Kurz: «Veil Of Imagination» ist eines der besten Alben, welches in letzter Zeit den Weg in meine Gehörgänge gefunden hat. Ein wahres Meisterwerk.

Selbstverständlich kann ich es keinesfalls bei einer solch knappen Zusammenfassung belassen. Mit diesen acht Liedern nehmen uns Wilderun mit auf einen einzigartigen Trip durch Körper, Geist und die eigene Vorstellungskraft. Es ist eine riesige Ehre, eine solche Königsklasse der Komponier-Kunst erleben zu dürfen. Wenn irgendwo bei der Stilbezeichnung das Wörtchen «Prog» auftaucht, regieren viele Leute oftmals kritisch und strafen die angebotene Musik mit Ignoranz. Bei diesem Werk würde ich allerdings tunlichst davon abraten. Andernfalls entgeht einem einfach ein unfassbarer Hochgenuss.

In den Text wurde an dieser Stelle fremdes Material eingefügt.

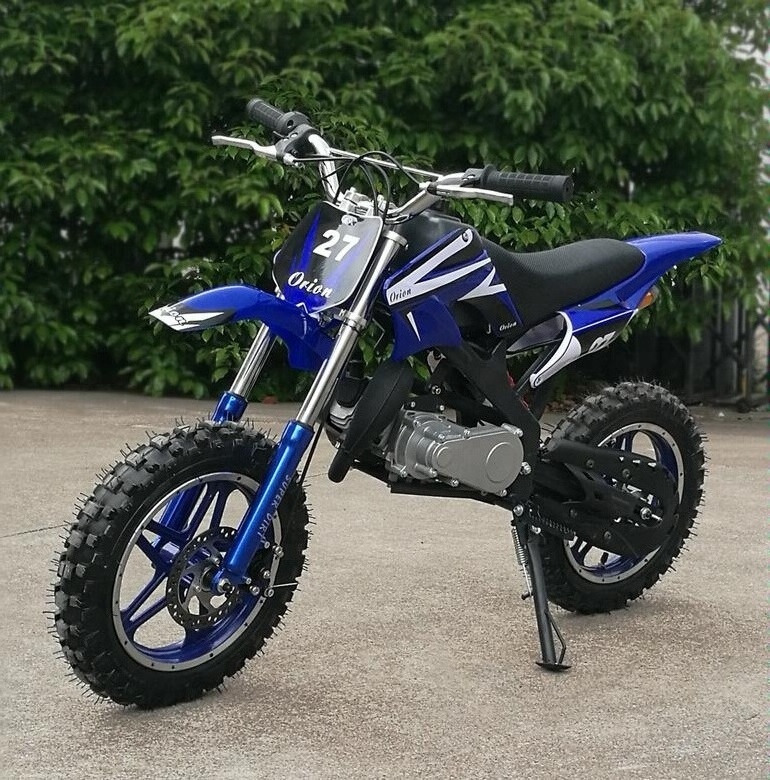 cheap price kids mini dirt bike 50cc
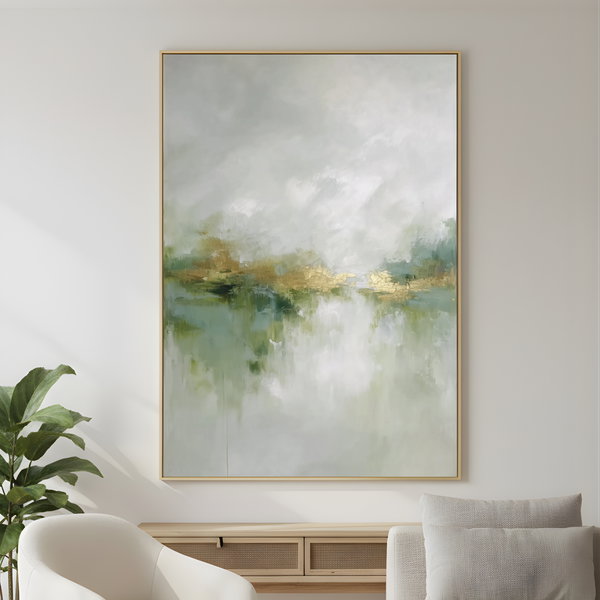 Moderne Kunst für Ihr Zuhause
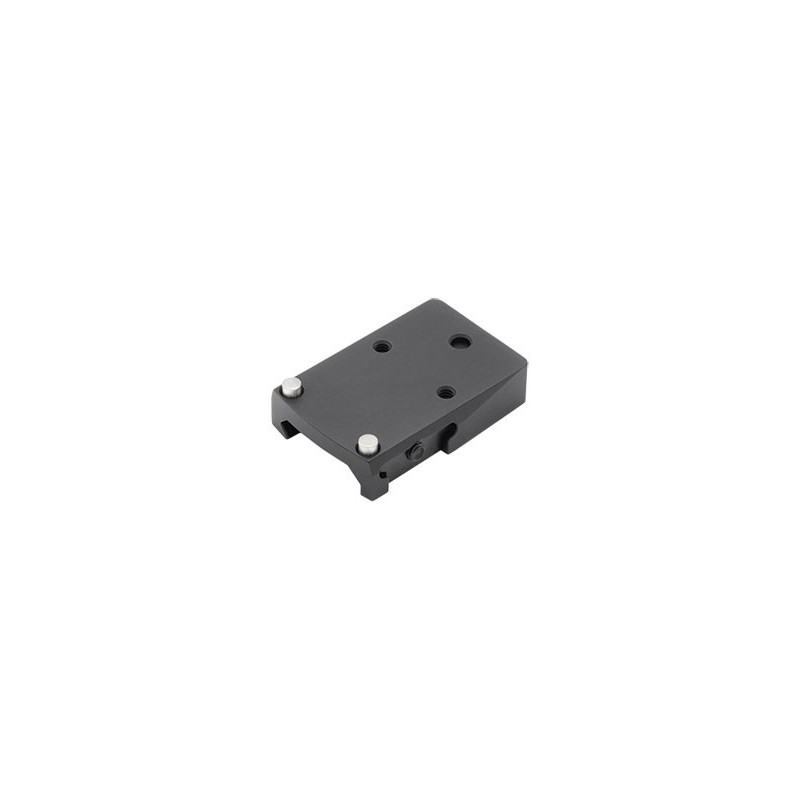 Adaptateur picatinny pour 407C et 507C et 508T Holosun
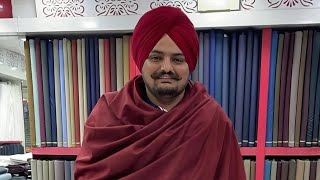 You _ Sidhu moose wala | New punjabi song 2025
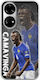 Euro 2024 Eduardo Camavinga Huawei P50 Pro Flexible Tpu Διάφανη Σιλικόνη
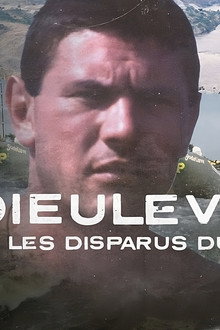 Dieuleveult, les disparus du fleuve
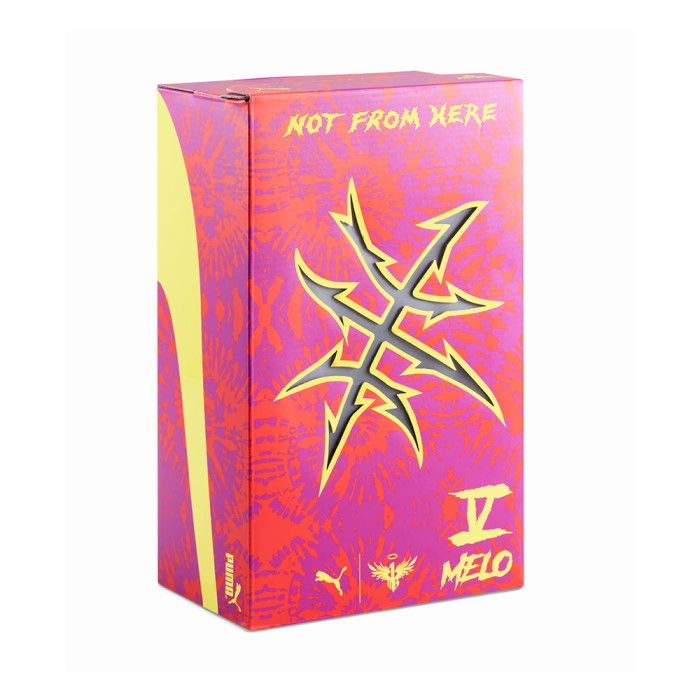 Puma MB.05 CNY x Crowd Surf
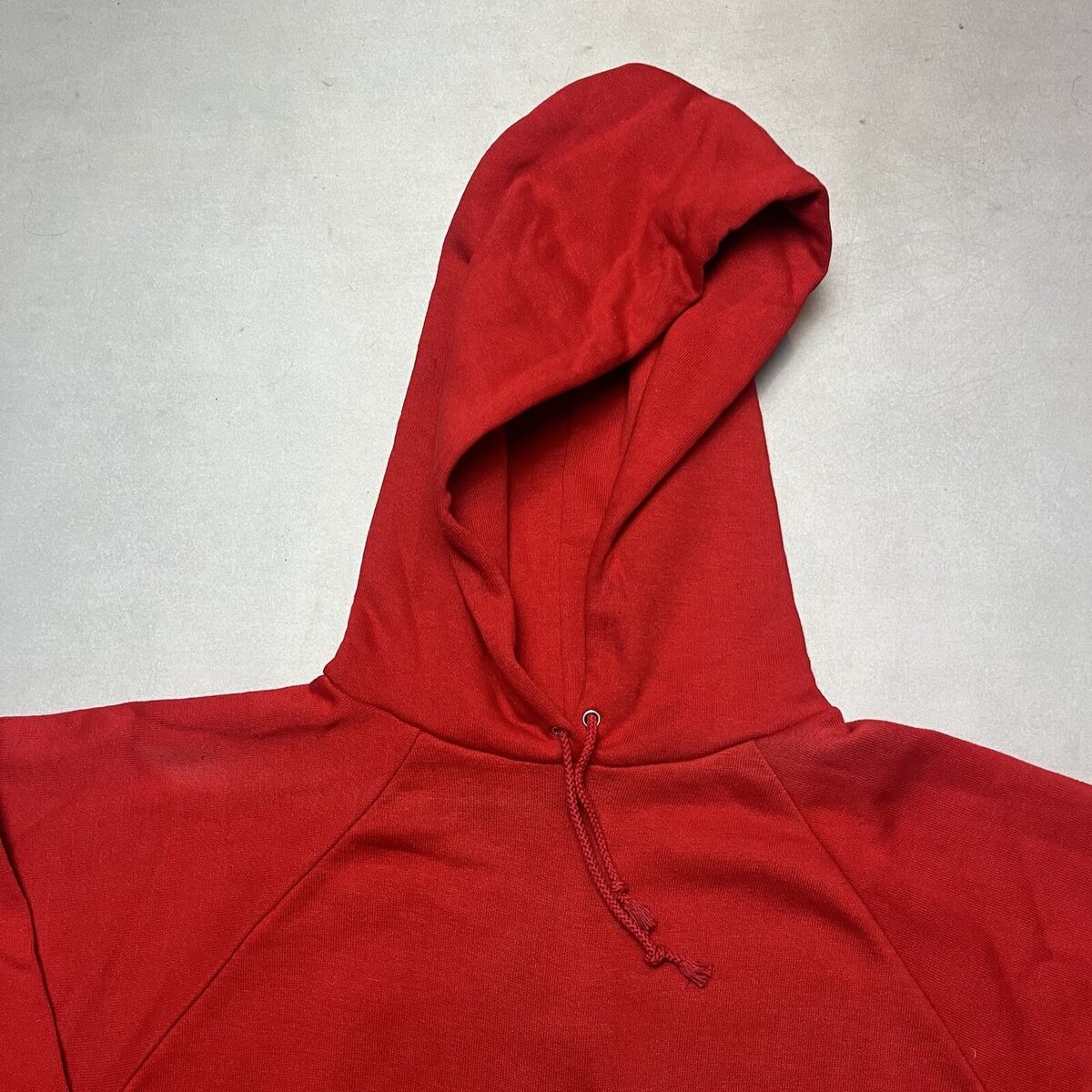Vintage 60s 70s Healthknit Pullover Hoodie Sweatshirt Vintage 60s 70s Healthknit Pullover Hoodie Sweatshirt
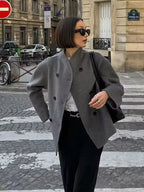 Moiselle Jacket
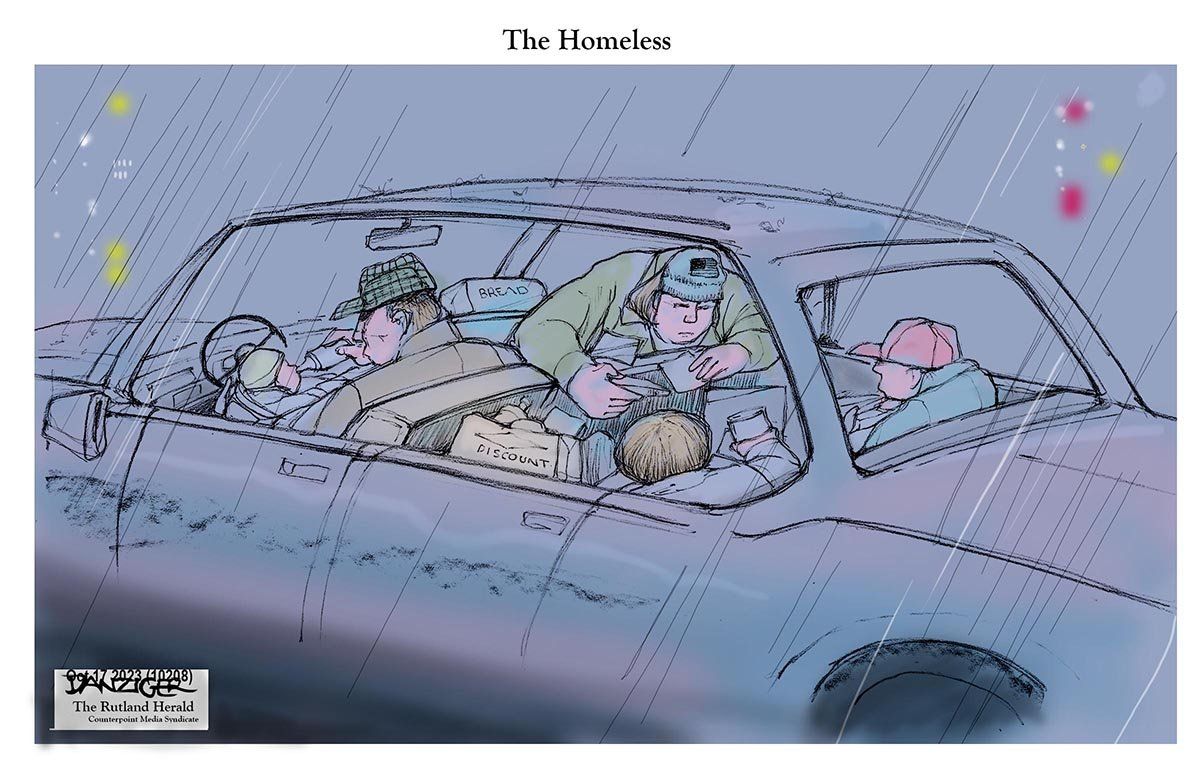 Danziger Draws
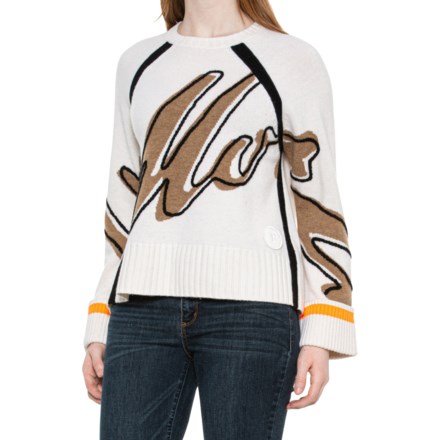 Lv Orange Sweater Top Sellers, SAVE 58% 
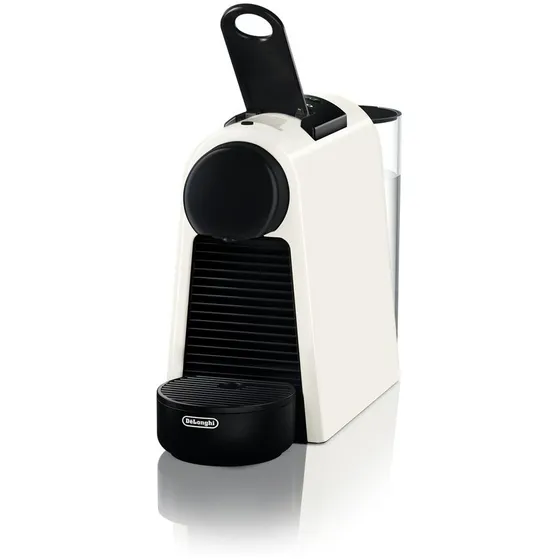 DeLonghi Nespresso Essenza Mini EN85.W Wit
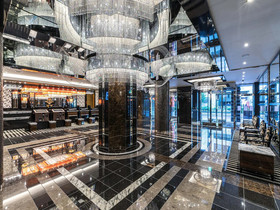 APA Hotel Shin-Osaka Ekimae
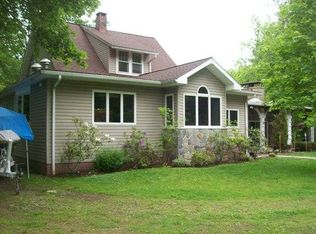 381 Pleasant Dr, Warren, PA 16365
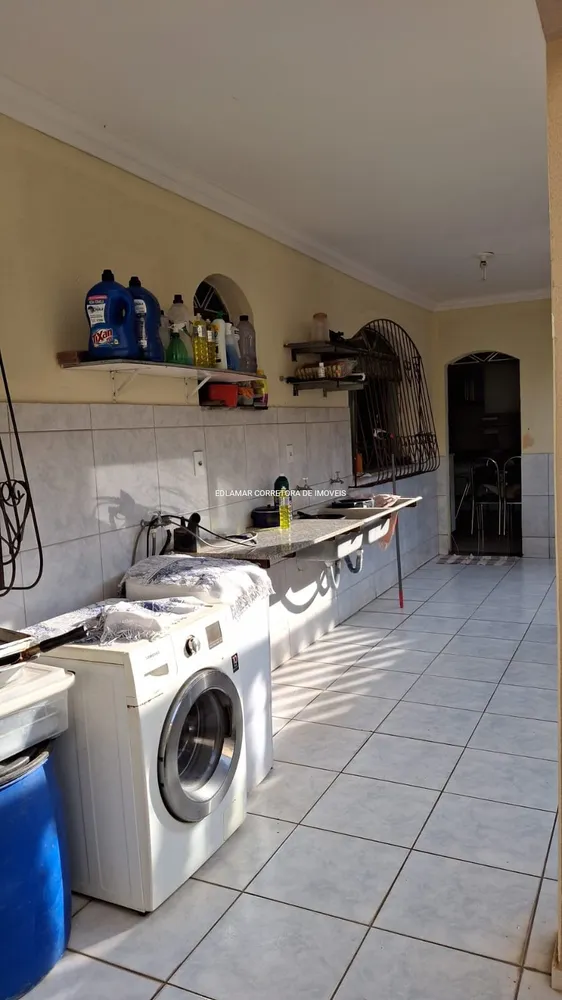 Casa, 3 quartos, 404 m² - Foto 8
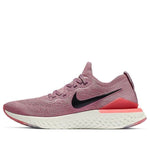 (WMNS) Nike Epic React Flyknit 2 'Plum Dust' BQ8927-500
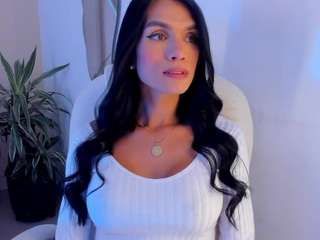 maleja-sexyx Live Webcam on CamSoda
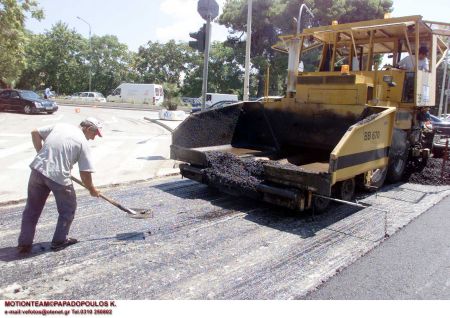 Νεκρός 60χρονος σε εργατικό ατύχημα στην Πιερία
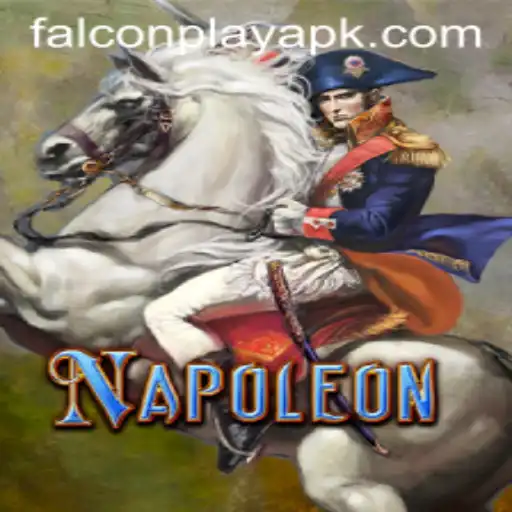 Discover the Thrill of Napoleon: A Journey into Falcon Play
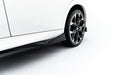 Set of Splitters BMW X2 M35i U10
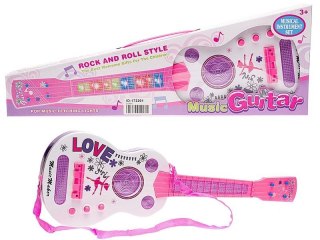 Gitara na baterie Adar (606166)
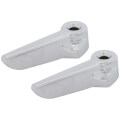 Product Image of Standard Cold & Hot Lever Handles Repair Parts Kit, B-9K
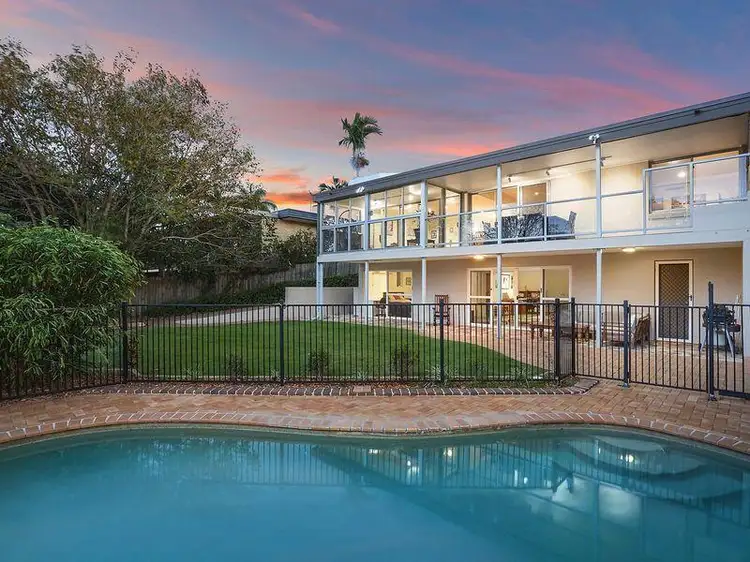 Main view of Homely house listing, 182 Harts Road, Indooroopilly QLD 4068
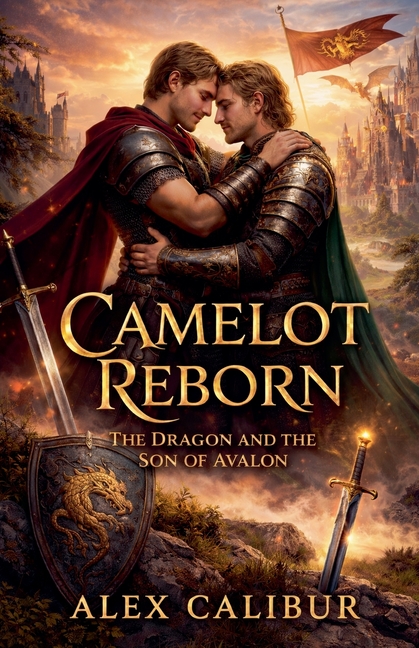 Rebirth of Camelot: The Pendragon and The Son of Avalon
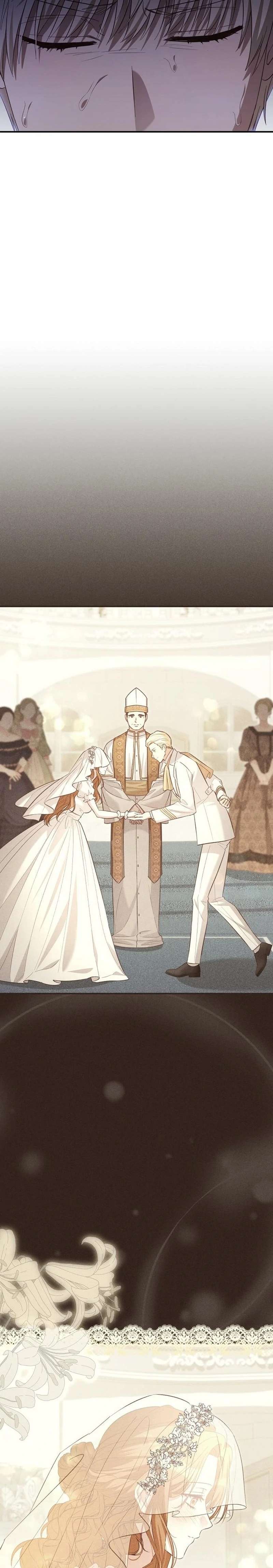 Cô Dâu Của Đại Công Tước Là Chiến Binh Địa Ngục Chap 33 - Trang 2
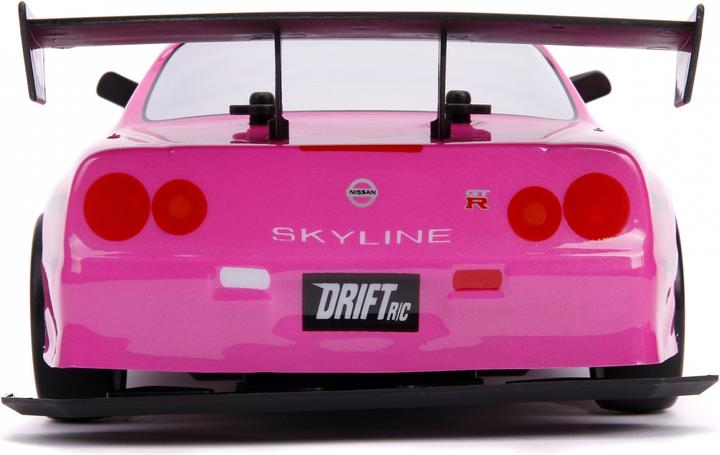 Produktbild Dickie Hello Kitty Drift Nissan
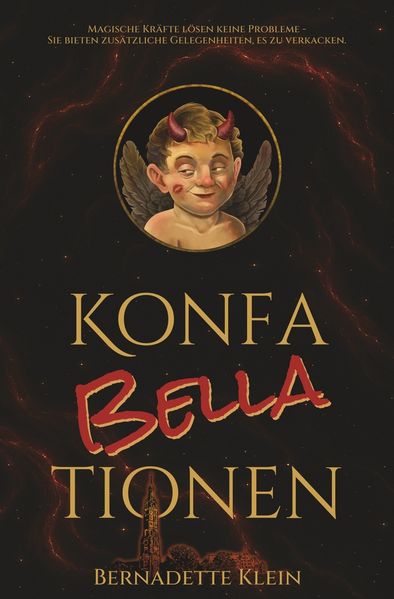 Konfabellationen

Ausserdem werden ja noch andere Genre-Einflüsse angewandt.

Ich wage gar zu behaupten, dass den Amis mit ihrer dritten Scheibe das gelungen ist, was Nightwish mit «Human. :II: Nature.» versucht haben anzustreben, aber dann unglücklicherweise trotzdem mehrheitlich daran gescheitert sind (siehe Review).

Logischerweise würde ich diese von mir hochgelobten Stücke allzu gerne im Live-Gewand erleben. Dieses Vorhaben müsste allerdings in einer passenden Location oder Umgebung umgesetzt werden, da das Ganze sonst wohl nicht die beabsichtigte Wirkung erzielen wird. Wie wäre es beispielsweise in einem gigantischen Theater-Saal inklusive Orchester?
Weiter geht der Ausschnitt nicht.